Ter um Livro de Canto, feito e pensado para as comunidades é, nas palavras do Pastor
Cláudio Kupka, em nome da comissão do Livro de Canto da IECLB, “sinal de unidade e
identidade, é referência do que identifica a teologia e a prática musical de uma igreja [...]”. O
próprio nome do livro nos remete à música que está acontecendo. Não é apenas uma coletânea
de hinos, mas uma ferramenta para esse momento que é de canto comunitário, que é de musicar.
97
4 OS SENTIDOS DAS PRÁTICAS MUSICAIS NA COMUNIDADE
Pouco depois, as sopranos cantam toda a sua parte sozinhas. Rebeca e Sara, que até
então estavam cochichando, se entreolham, e em seu olhar parece haver a
cumplicidade, e nesse momento Sara sinaliza com as mãos que a conversa continua
depois. Do outro lado do espaço em que o coro está ensaiando, reparo Marcos, que
está ouvindo a passagem da voz enquanto está viajando, imaginando algo, e com
movimentos sutis, parece estar regendo a música que as Sopranos cantam. Conforme
a música vai continuando, Laura, que canta soprano, vai relaxando e passa a cantar
com os olhos entreabertos, feliz e plena. (DIÁRIO DE CAMPO – 22/08/2017).
O trecho acima se refere a um ensaio do Coro Jovem da Comunidade. Nele, percebemos
algumas das diferentes sensações que o fazer música em grupo pode suscitar. A música é o que
motiva algumas reações e é mero pretexto para outras. Isso porque todo musicar é repleto de
sentidos.
A música gera uma série de experiências, em especial quando é feita em grupo. A
relação entre os músicos de uma banda, a série de memórias que a música gera no ouvinte e,
ainda, a emoção aparentemente inexplicável ao ouvir uma música, são exemplos de como fazer
música pode ser repleto de sentidos. Christopher Small (1989) diz que o próprio fato de dezenas
ou centenas de pessoas estarem juntas em um teatro para ouvir música já pode significar uma
série de coisas.
A prática musical da Comunidade do Caminho é recheada de sentidos diversos. Trata-
se de uma comunidade que canta em grupo, utilizando hinários com músicas de vários estilos
e origens, que possui aulas de música em grupo, que investe financeiramente no trabalho
musical e tem, em seu discurso, orgulho das práticas musicais que ali acontecem. Os sentidos
atrelados a esse musicar, porém, tem em si aspectos relacionados ao ser no coletivo, à
religiosidade e às oportunidades que ali existem.

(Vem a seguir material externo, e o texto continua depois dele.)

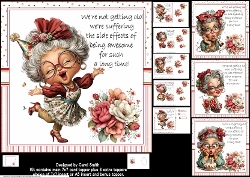 Image of cup541416_1209 - 7x7 Getting older choice of four mini kit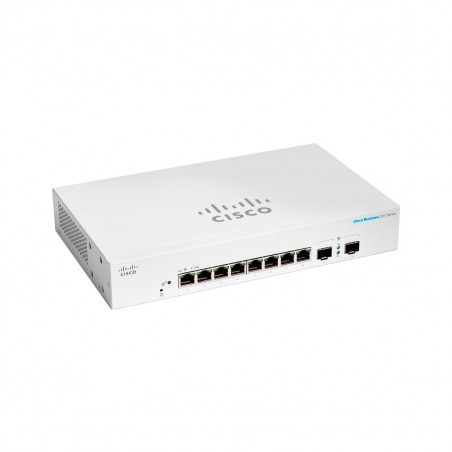 Switch Cisco Business CBS220-8T-E-2G 8 Puertos + 2 SFP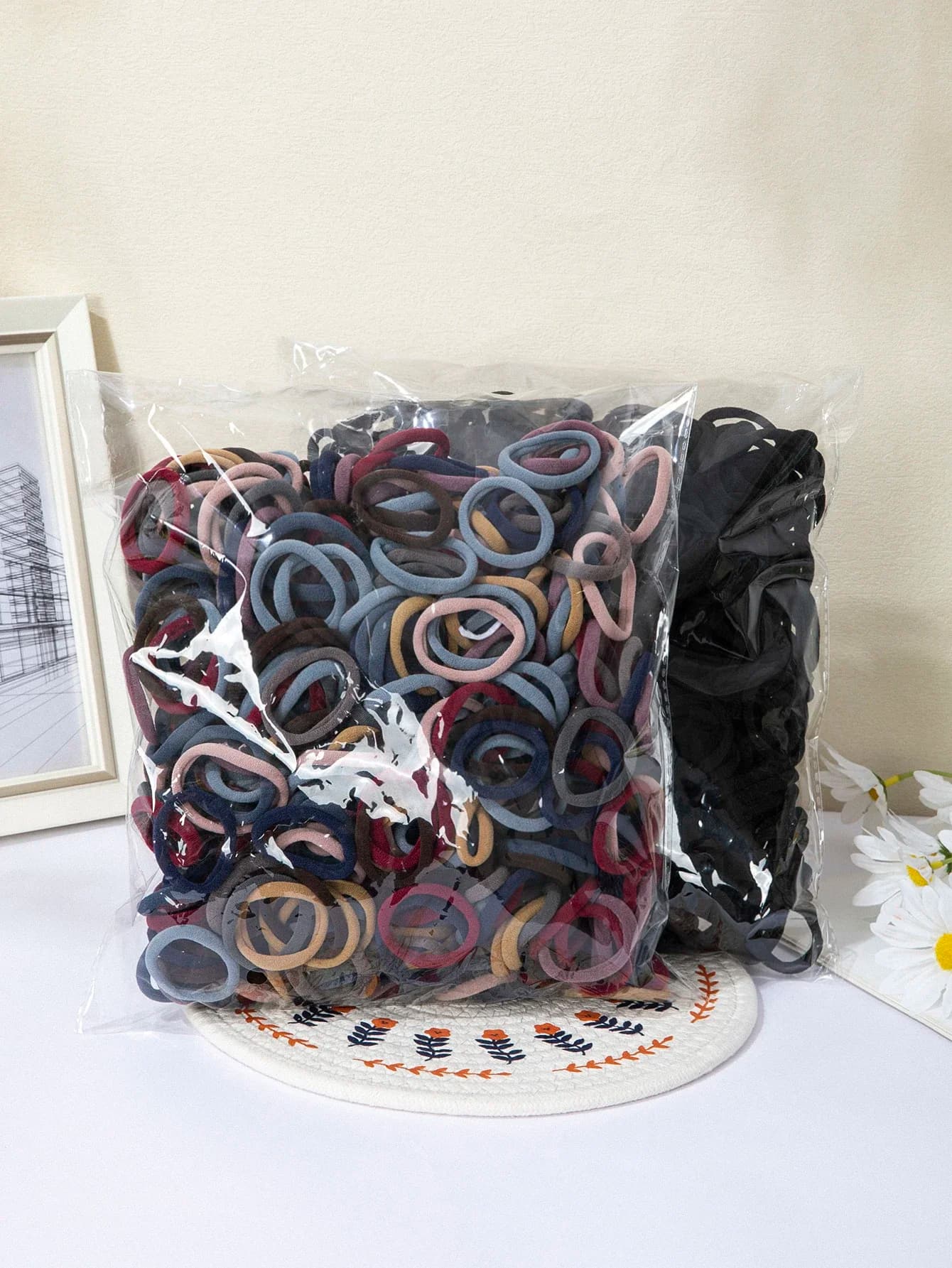 Women's Hair Fax Hair Band for Girls High Elastic Band Hair Sleeve Support for Horsetail Scrunchies Accessories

De toda prática musical que acontece na Igreja do Caminho, a mais recheada de
significados e, também, a mais difícil de identificar os limites entre o louvor a Deus e a fruição
musical é a prática do canto comunitário. A comunidade canta e, com isso, participa ativamente
das celebrações. Na apresentação do Livro de Canto da IECLB, o Pastor Doutor Nestor Paulo
Friedrich, Pastor Presidente da IECLB, diz:
Igreja que canta não é obra do acaso. O povo de Deus sempre expressou sua fé através
da cantoria acompanhada de instrumentos musicais. Com a Reforma, Lutero
contribuiu decisivamente para a forma cantada da Palavra de Deus. E a IECLB carrega
essa herança. As primeiras famílias luteranas que aportaram no Brasil a trouxeram no
seu coração. O canto comunitário ajudou a sustentar sua fé e o seu testemunho do
Evangelho. (STEUERNAGELL; EBERLE; EWALD, 2017).
98
A música, na Comunidade do Caminho, traz em si uma profunda relação com a fé, isso
porque imbricados a muitas práticas musicais estão aspectos de cunho teológico e espiritual.

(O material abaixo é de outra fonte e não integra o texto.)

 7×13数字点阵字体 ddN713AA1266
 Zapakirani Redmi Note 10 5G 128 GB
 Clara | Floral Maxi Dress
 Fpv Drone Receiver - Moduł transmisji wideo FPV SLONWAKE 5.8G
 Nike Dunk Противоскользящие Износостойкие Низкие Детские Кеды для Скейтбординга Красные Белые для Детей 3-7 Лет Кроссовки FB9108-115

Muito do que é cantado veicula valores e crenças luteranas e isso dá, a algumas músicas,
sentidos de natureza religiosa. A fé é subjetiva, mas tem uma força que impacta no sentido do
fazer musical.
Outro sentido fortemente encontrado no musicar dessa comunidade é a música como
forma de criar laços com as outras pessoas. A música é feita no coletivo e, consequentemente,
em diversos momentos ela vira pretexto para se encontrar, rir e rever alguns amigos. Esse
aspecto é muito forte em alguns grupos da comunidade, como é o caso do Grupo Laudate, que
se autodenomina como “um grupo de amigos, que faz música na igreja” (ENTREVISTA 4 –
Grupo Laudate – Realizada em 03 de Dezembro de 2017). Mas vai além dos grupos musicais.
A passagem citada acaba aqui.